До этого он просыпался лишь однажды, когда, после извлечения из ванны, его поместили в комнату с белыми стенами и гудящими газоразрядными лампами. Это был страшный день.

Он помнил, как тогда дрожали и отдавались болью его мышцы, как странно чувствовались органы, словно бы оказавшиеся не на своем месте. Он помнил и то ощущение, когда, с трудом повернув голову, увидел вдруг свою руку. Не руку, вернее, а уродливую клешню, покрытую шипами и шишками, обтянутую шершавой желтой кожей, из которой торчала грубая щетина.

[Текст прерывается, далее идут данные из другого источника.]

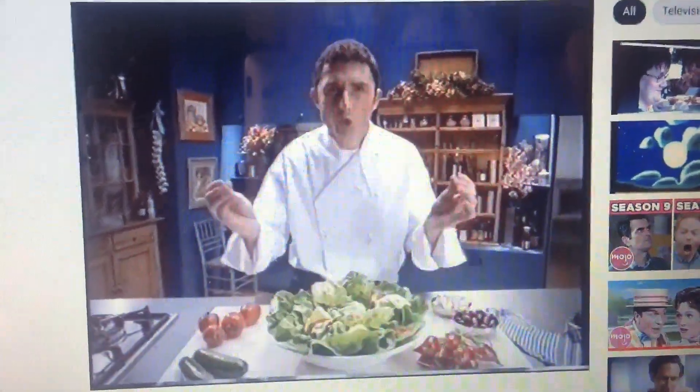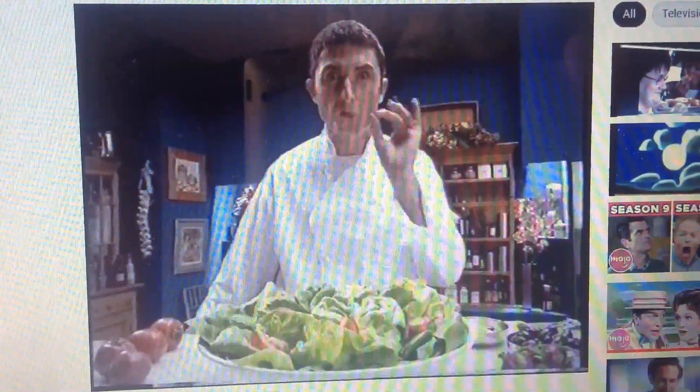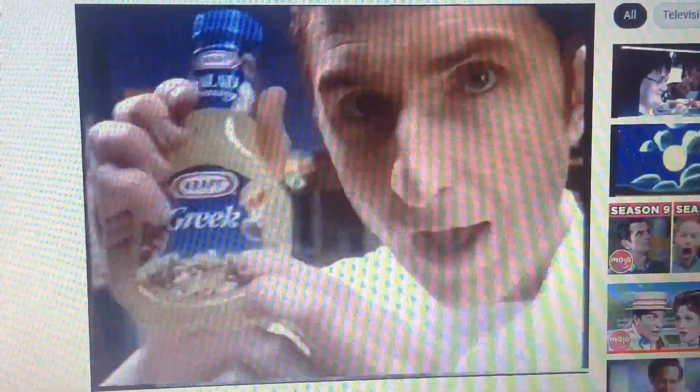Bonjour. Today I'm going to show you how to make an authentic French salad. First, separate the crisp lettuce from the tomato, and then, for the authentic French taste, you need Kraft French...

И как глаза затянула желтая пелена ужаса, как он скатился со стола, обрывая какие-то трубки и обрушивая на пол аппаратуру, как катался по комнате, терся о стены, стремясь избавиться от этой безобразной оболочки, как кричал, кричал, кричал...

Луков не знал, сколько времени прошло с того дня, ибо время превратилось для него в белый мутный кисель, из которого он лишь иногда выплывал, чтоб снова утонуть. Да, были и другие пробуждения – зыбкие и неверные, когда в сознание робко пробивался дрожащий свет ламп, мир снова обретал форму той же тесной комнаты, доносились какие-то приглушенные звуки. И опять проступал тот первобытный ужас...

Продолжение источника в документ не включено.